Saved data entries
=== Section Start ===
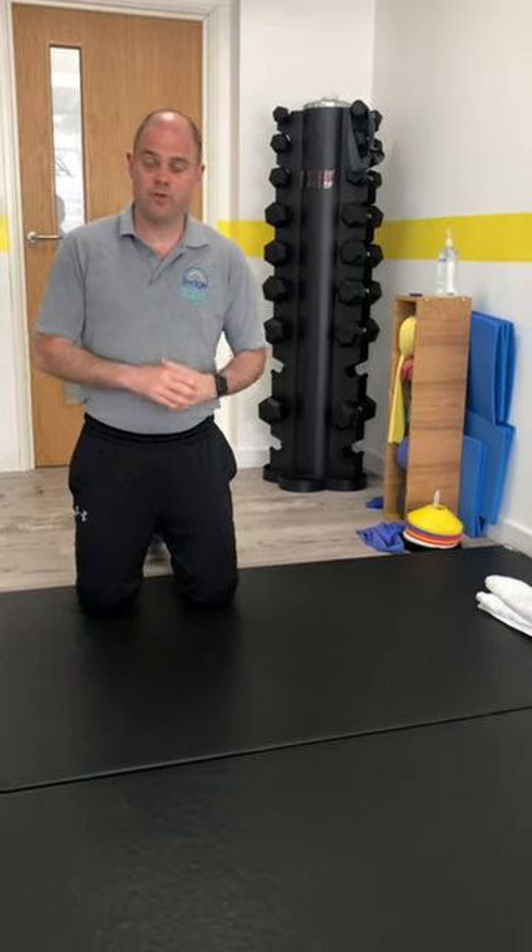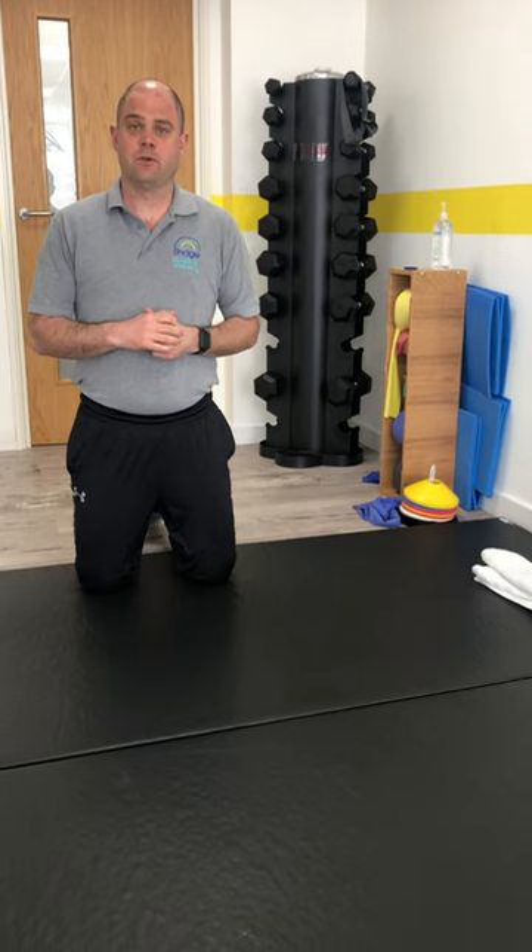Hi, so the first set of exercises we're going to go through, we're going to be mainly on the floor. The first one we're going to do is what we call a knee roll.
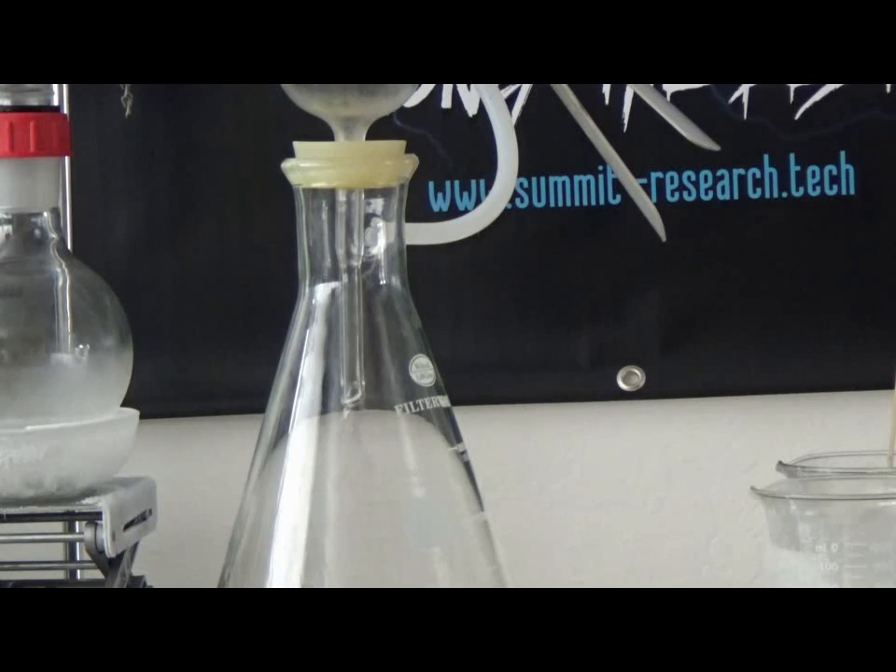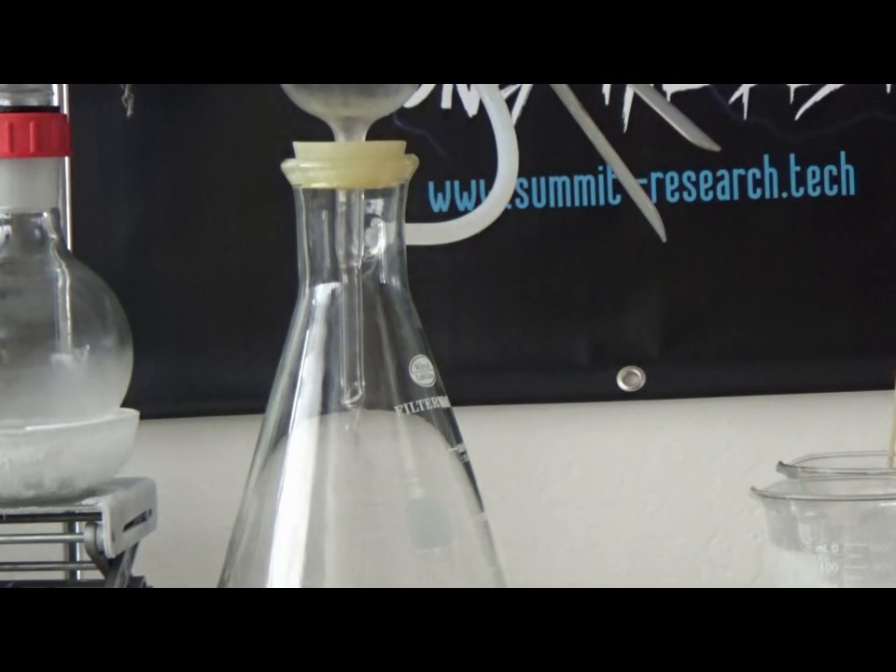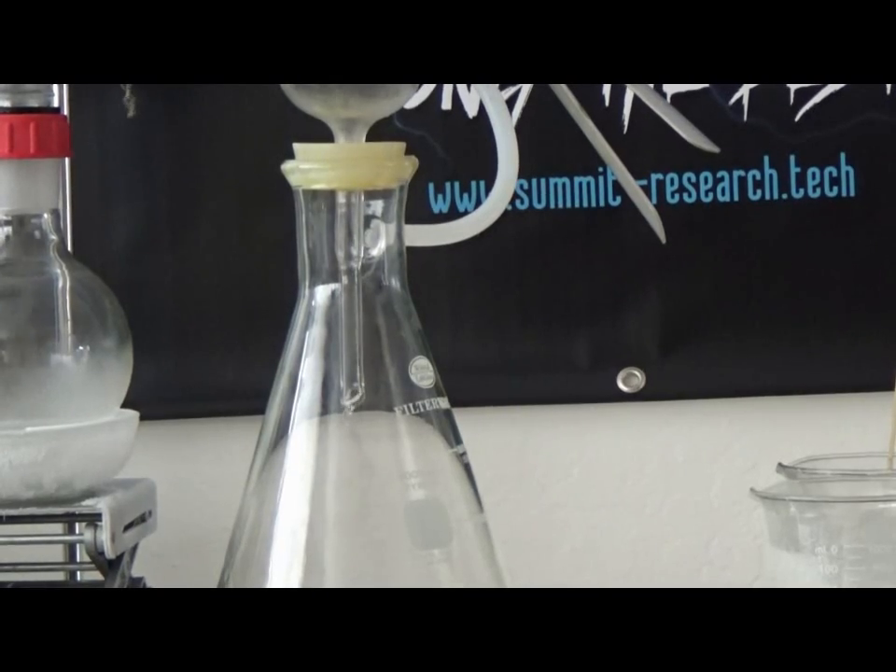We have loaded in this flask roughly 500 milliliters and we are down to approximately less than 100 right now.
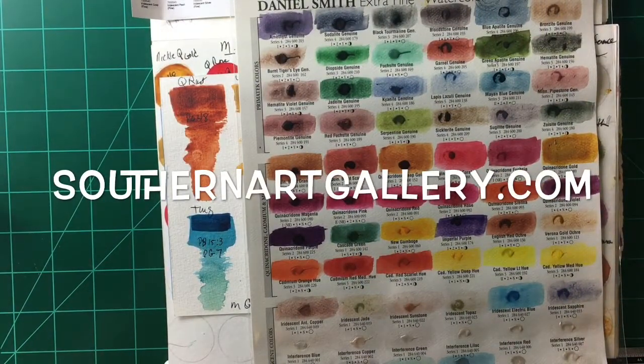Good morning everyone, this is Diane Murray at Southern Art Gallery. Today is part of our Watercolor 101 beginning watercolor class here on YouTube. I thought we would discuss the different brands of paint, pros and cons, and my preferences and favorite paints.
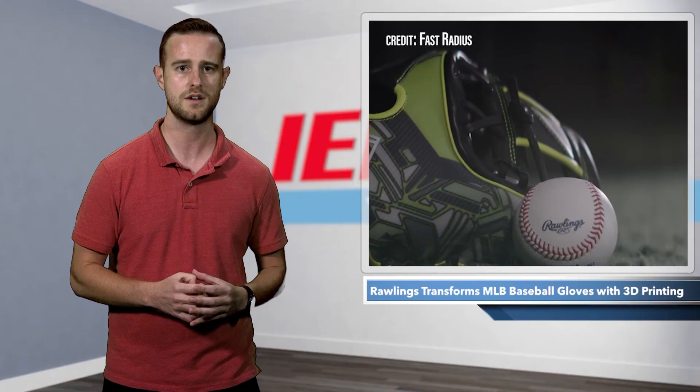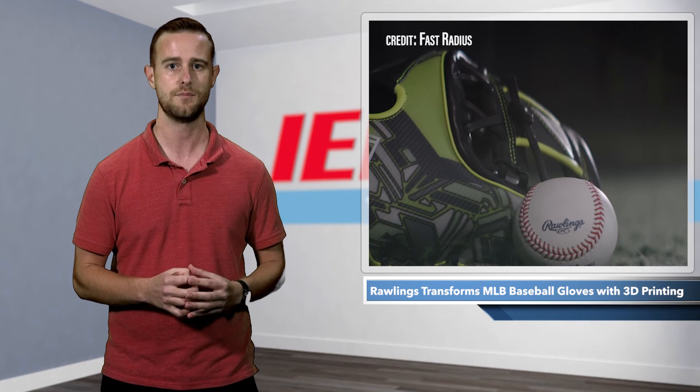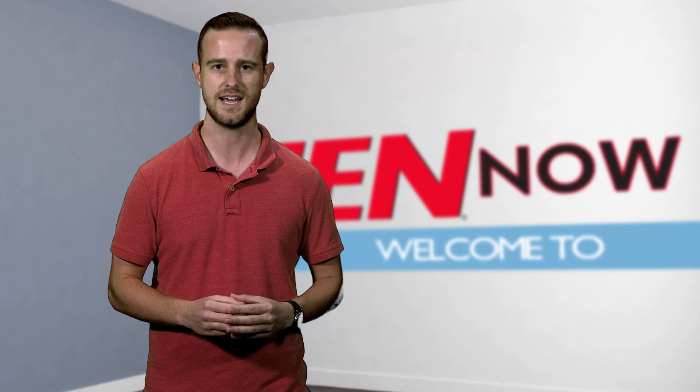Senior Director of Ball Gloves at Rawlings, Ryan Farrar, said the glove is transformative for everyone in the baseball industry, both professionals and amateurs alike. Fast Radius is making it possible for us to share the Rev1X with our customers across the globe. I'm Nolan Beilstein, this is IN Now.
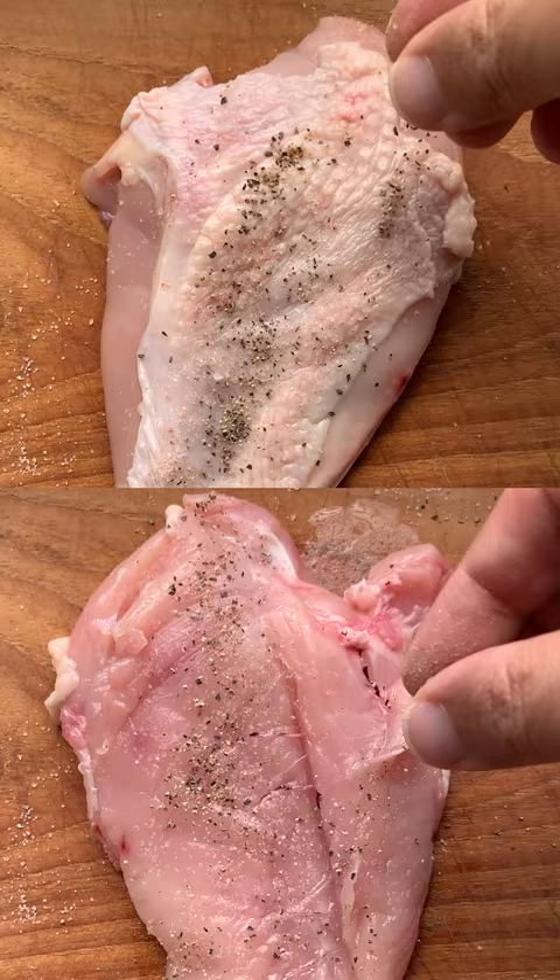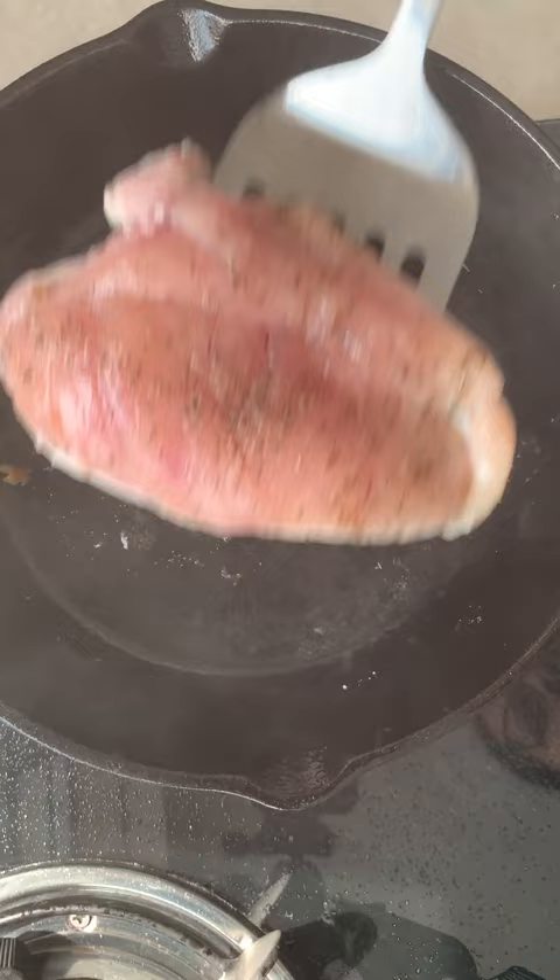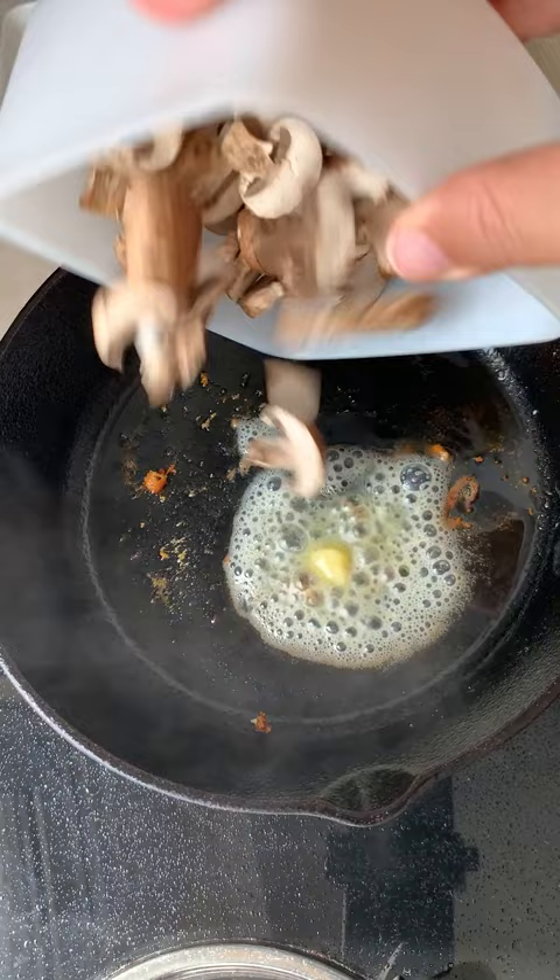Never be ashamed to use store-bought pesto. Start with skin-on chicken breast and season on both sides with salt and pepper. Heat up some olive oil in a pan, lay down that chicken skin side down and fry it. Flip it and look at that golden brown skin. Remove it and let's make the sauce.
=== Section End ===
Instructions for the task
Print exactly, and print only, the lines from the line with "Senior Director of" through the last line of the entries, both ends included. No pictures belong in the result.

Answer section
Senior Director of Ball Gloves at Rawlings, Ryan Farrar, said the glove is transformative for everyone in the baseball industry, both professionals and amateurs alike. Fast Radius is making it possible for us to share the Rev1X with our customers across the globe. I'm Nolan Beilstein, this is IN Now.
Never be ashamed to use store-bought pesto. Start with skin-on chicken breast and season on both sides with salt and pepper. Heat up some olive oil in a pan, lay down that chicken skin side down and fry it. Flip it and look at that golden brown skin. Remove it and let's make the sauce.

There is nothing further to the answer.